Konon tradisi ujungan berawal di desa Gumelem wetan atau pedukuhan karang tiris, di mana desa tersebut pernah di landa kekeringan panjang mengakibatkan para petani saling berebut air untuk kegiatan pertanian.

Peristiwa legenda para petani yang berebut air di dekat sumber mata air pada malam jumat kliwon menjadi cerita legenda munculnya tokoh Ki singakerti yang tidak bisa melerai pertengkaran kedua petani tersebut kemudian hanya bisa memberikan sebilah  " kayu rasihe " kepada mereka untuk saling memukul [ saling sabet ]. 

Ketika duel kedua petani dengan tubuh yang terluka penuh darah tidak selang waktu yang lama kemudian turunlah air hujan.

Kesadaran atas kesalahan atau perbuatan yang di lakukan kedua petani tersebut akhirnya saling memaafkan dan memanjatkan rasa puji syukur kepada Tuhan Yang Maha Esa atas karunianya berupa air hujan yang dapat menyuburkan kembali lahan sawah dan ladang para petani. 
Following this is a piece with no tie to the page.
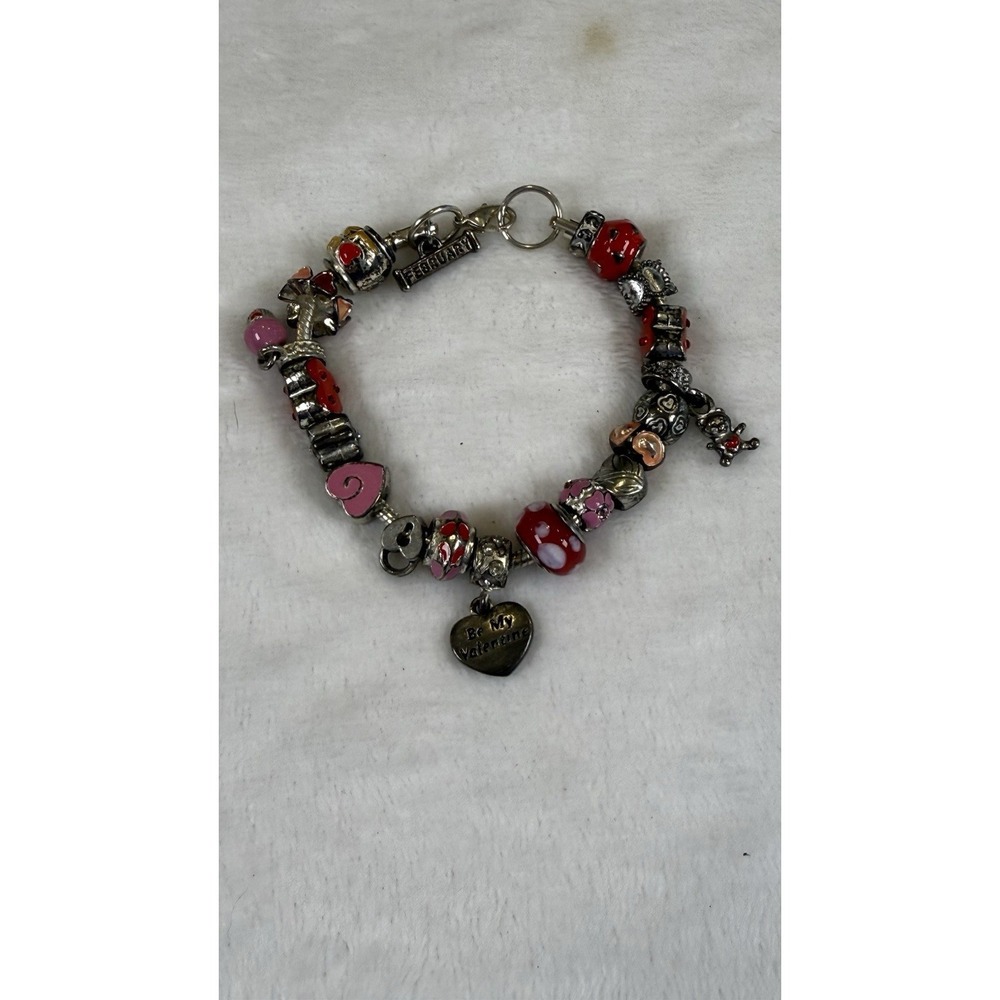 Valentine Charm Bracelet Silver Tone Red‎ Pink Hearts Be Mine Love Cupcake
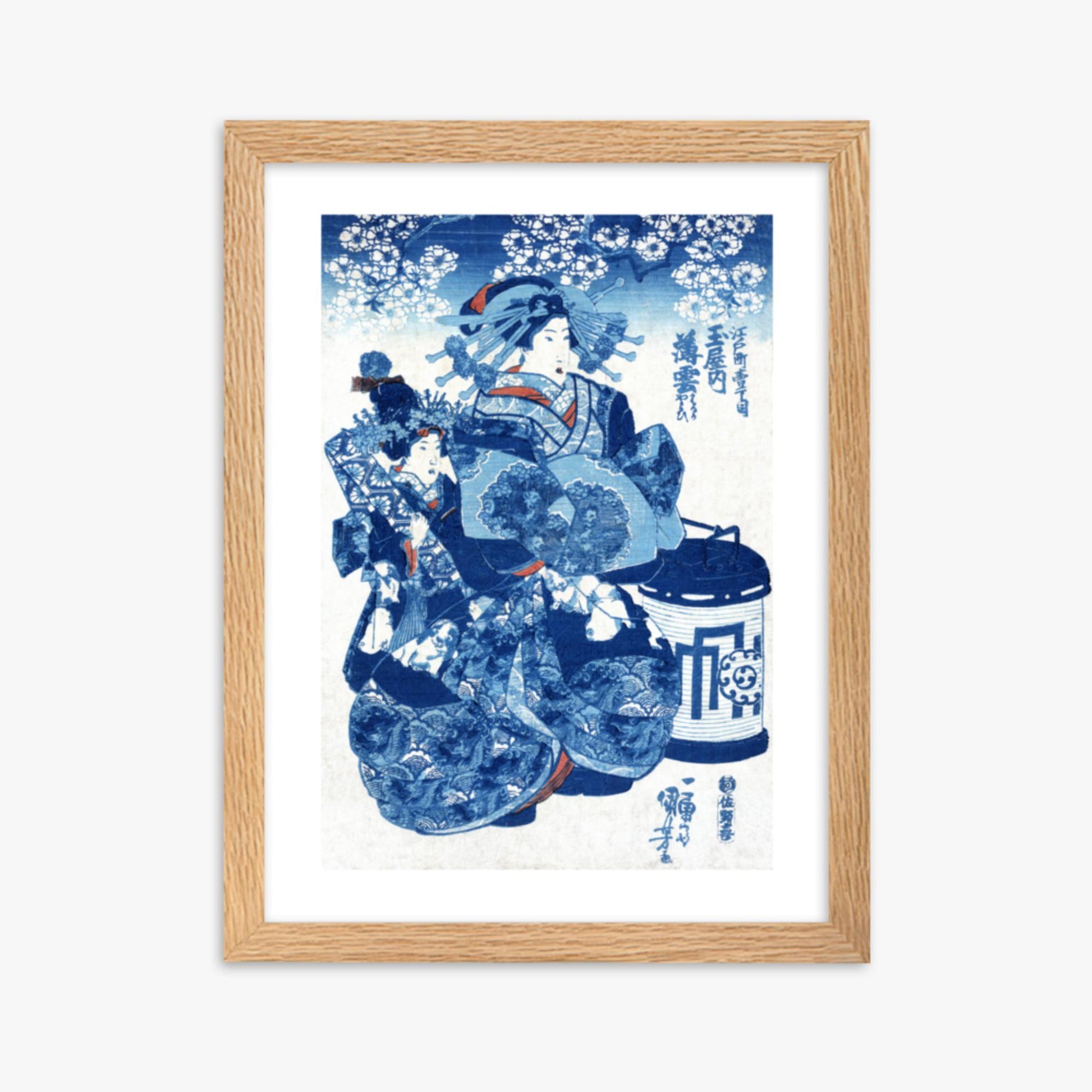 Utagawa Kuniyoshi - Tamaya uchi Usugumo 30x40 cm Poster With Oak Frame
Tradisi ujungan [saling sabet] di lestarikan sebagai simbol mujung [ memohon] yang di aplikasikan dalam bentuk seni tradisional ujungan yang di pimpin oleh seorang wasit [ wlandang].

Sejak tahun 1980 an pelestarian budaya tradisional ujungan di desa Gumelem wetan Susukan kab.banjarnegara telah di bentuk kelompok atau paguyuban seni tradisional ujungan giring budaya.